The front of the house is asymmetrical, with two windows on each floor. The ground floor features a partly blocked opening on the left, a timber lintel over a blocked entrance to the left of centre, the current entrance to the right of centre, and a window overgrown with ivy to the right. On the first floor are two partly blocked window openings, one on the left and one to the right of the entrance. Two circa 17th century window openings are visible in the left-hand gable end, to the right of the projecting stack. The rear elevation has a three-light 17th century timber mullion window on the ground floor and remains of a 17th century two-light timber mullion window on the first floor.

A low stone rubble wall encloses a lean-to outshut on the right-hand gable end, with an entrance leading from the parlour to the rear of the right end stack.
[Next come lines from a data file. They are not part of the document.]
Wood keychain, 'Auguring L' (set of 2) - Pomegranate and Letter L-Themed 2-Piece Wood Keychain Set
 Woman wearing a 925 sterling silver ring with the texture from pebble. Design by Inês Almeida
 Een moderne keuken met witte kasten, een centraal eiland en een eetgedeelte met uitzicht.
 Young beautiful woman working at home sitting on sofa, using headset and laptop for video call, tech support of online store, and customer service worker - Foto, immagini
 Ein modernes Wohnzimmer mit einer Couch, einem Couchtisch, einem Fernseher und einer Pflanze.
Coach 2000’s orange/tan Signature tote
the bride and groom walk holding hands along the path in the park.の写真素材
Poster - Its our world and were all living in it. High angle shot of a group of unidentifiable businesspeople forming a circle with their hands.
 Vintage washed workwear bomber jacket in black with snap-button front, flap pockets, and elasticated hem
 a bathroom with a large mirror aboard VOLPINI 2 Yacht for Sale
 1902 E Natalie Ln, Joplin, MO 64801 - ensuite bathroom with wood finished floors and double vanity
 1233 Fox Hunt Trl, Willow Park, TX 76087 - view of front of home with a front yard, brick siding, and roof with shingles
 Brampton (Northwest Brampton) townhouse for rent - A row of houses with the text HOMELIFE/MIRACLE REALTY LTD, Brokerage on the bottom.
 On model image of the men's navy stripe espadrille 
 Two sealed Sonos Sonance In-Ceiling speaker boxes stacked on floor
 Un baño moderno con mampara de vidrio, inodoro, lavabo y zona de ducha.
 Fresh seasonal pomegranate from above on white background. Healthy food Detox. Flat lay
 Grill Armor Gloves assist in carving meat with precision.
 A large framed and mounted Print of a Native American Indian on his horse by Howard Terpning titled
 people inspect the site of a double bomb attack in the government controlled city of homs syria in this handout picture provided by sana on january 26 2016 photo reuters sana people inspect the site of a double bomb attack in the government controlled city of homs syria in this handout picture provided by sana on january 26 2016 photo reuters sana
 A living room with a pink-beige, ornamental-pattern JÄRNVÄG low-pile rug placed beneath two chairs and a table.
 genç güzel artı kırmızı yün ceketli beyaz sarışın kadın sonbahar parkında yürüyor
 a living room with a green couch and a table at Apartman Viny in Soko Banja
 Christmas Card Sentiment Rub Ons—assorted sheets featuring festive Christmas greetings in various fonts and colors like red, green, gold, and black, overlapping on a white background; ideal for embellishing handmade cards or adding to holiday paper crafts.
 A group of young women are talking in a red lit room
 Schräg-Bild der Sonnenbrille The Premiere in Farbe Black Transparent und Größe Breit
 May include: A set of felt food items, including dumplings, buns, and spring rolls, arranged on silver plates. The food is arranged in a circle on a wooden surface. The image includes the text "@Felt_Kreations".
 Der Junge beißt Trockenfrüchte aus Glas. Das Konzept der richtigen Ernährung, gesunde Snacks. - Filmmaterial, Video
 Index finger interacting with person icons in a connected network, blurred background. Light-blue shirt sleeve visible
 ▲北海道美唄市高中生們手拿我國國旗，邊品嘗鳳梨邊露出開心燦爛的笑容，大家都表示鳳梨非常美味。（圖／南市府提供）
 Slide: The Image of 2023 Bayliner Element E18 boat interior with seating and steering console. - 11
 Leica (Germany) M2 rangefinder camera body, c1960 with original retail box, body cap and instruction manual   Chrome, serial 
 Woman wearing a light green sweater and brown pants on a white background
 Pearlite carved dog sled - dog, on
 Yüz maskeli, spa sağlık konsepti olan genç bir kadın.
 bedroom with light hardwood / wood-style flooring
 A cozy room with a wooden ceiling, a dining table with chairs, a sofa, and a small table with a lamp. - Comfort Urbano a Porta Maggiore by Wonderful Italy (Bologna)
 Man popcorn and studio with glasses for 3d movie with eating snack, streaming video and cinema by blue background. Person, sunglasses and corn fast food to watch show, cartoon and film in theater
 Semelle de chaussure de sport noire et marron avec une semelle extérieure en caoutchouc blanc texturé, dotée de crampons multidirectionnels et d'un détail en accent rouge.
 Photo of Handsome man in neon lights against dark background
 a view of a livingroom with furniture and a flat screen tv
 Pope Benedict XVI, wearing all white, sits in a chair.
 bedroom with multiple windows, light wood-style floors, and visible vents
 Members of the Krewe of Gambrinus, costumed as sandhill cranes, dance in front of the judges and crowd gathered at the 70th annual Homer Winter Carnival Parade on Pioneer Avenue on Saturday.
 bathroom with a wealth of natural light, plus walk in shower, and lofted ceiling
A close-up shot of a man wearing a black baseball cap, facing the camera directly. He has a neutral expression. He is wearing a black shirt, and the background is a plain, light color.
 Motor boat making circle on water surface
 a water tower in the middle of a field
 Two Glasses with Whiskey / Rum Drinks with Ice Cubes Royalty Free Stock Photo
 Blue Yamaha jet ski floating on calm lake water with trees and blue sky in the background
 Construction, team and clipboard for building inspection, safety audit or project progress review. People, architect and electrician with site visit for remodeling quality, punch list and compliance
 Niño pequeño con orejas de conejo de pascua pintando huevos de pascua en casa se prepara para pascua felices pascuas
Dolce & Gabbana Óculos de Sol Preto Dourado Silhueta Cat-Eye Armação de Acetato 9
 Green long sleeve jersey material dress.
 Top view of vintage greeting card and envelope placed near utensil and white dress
The interior has lime-plastered walls. A low doorframe to the blocked door on the left is visible from within; it is a rectangular timber frame with a circa 17th century chamfered inner timber frame, the jambs and lintel of which are chamfered on the inner side, possibly indicating it was moved and reoriented. The jambs are morticed into the lintel and shaped to form a rounded arch and the left-hand jamb has been partly removed. The kitchen, passage, and lower end of the parlour have slate paved floors, and chamfered ceiling beams. The parlour ceiling beams were replaced in the 19th century. The through passage has been altered and blocked at the rear. A staircase was inserted to the left of the passage, creating a small room between the stair and a screen. The parlour and kitchen fireplaces are partly blocked, with a step down into the kitchen. The first floor has two circa 17th century fireplaces in the gable ends.

The roof is of five bays. Truss one, at the lower end on the south, dates back to the 17th century and features cambered collars with dovetailed, notched, and lapped joints, and principals with slightly curved feet. Truss two was originally open and is probably 17th century, possibly closed in the 18th century below the cambered collar with a vertically studded lath and plaster screen. Truss three, circa 18th century, is missing a collar and shows slight blackening, possibly staining and was originally closed. Trusses one, two and three originally had trenched purlins. Truss four, circa late 18th century, has lapped and oak-pegged collars. Stocks Cottage is a good example, in both elevation and plan, of an unspoiled circa early 17th century two-room and through-passage plan house.